Zhang Ke, Wang Yunpeng, Li Ou, Hao Sirui, He Junjiang, Lan Xiaolong, Yang Jinneng, Ye Yang
Nuclear Power Institute of China, Chengdu, China.
Smart Rongcheng Operation Center in Xindu District, Chengdu, China.
PLoS One. 2024 Dec 17;19(12):e0315479. doi: 10.1371/journal.pone.0315479. eCollection 2024.
The task of named entity recognition (NER) plays a crucial role in extracting cybersecurity-related information. Existing approaches for cybersecurity entity extraction predominantly rely on manual labelling data, resulting in labour-intensive processes due to the lack of a cybersecurity-specific corpus. In this paper, we propose an improved self-training-based distant label denoising method for cybersecurity entity extraction. Firstly, we create two domain dictionaries of cybersecurity.

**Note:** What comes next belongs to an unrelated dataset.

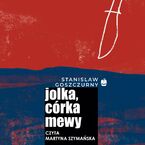 Jolka, córka mewy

Then, an algorithm that combines reverse maximum matching and part-of-speech tagging restrictions is proposed, for generating distant labels for the cybersecurity domain corpus. Lastly, we propose a high-confidence text selection method and an improved self-training algorithm that incorporates a teacher-student model and weight update constraints, for exploring the true labels of low-confidence text using a model trained on high-confidence text, thereby reducing the noise in the distant annotation data. Experimental results demonstrate that the cybersecurity distantly-labelled data we obtained is of high quality. Additionally, the proposed constrained self-training algorithm effectively improves the F1 score of several state-of-the-art NER models on this dataset, yielding a 3.5% improvement for the Vendor class and a 3.35% improvement for the Product class.
命名实体识别(NER)任务在提取网络安全相关信息方面起着至关重要的作用。现有的网络安全实体提取方法主要依赖人工标注数据,由于缺乏特定于网络安全的语料库,导致过程 labor-intensive。在本文中,我们提出了一种改进的基于自训练的远程标签去噪方法用于网络安全实体提取。首先,我们创建了两个网络安全领域字典。然后,提出了一种结合反向最大匹配和词性标注限制的算法,用于为网络安全领域语料库生成远程标签。最后,我们提出了一种高置信度文本选择方法和一种改进的自训练算法,该算法结合了师生模型和权重更新约束,用于使用在高置信度文本上训练的模型探索低置信度文本的真实标签,从而减少远程标注数据中的噪声。实验结果表明,我们获得的网络安全远程标注数据质量很高。此外,所提出的约束自训练算法有效地提高了几个在该数据集上的现有最先进NER模型的F1分数,供应商类别提高了3.5%,产品类别提高了3.35%。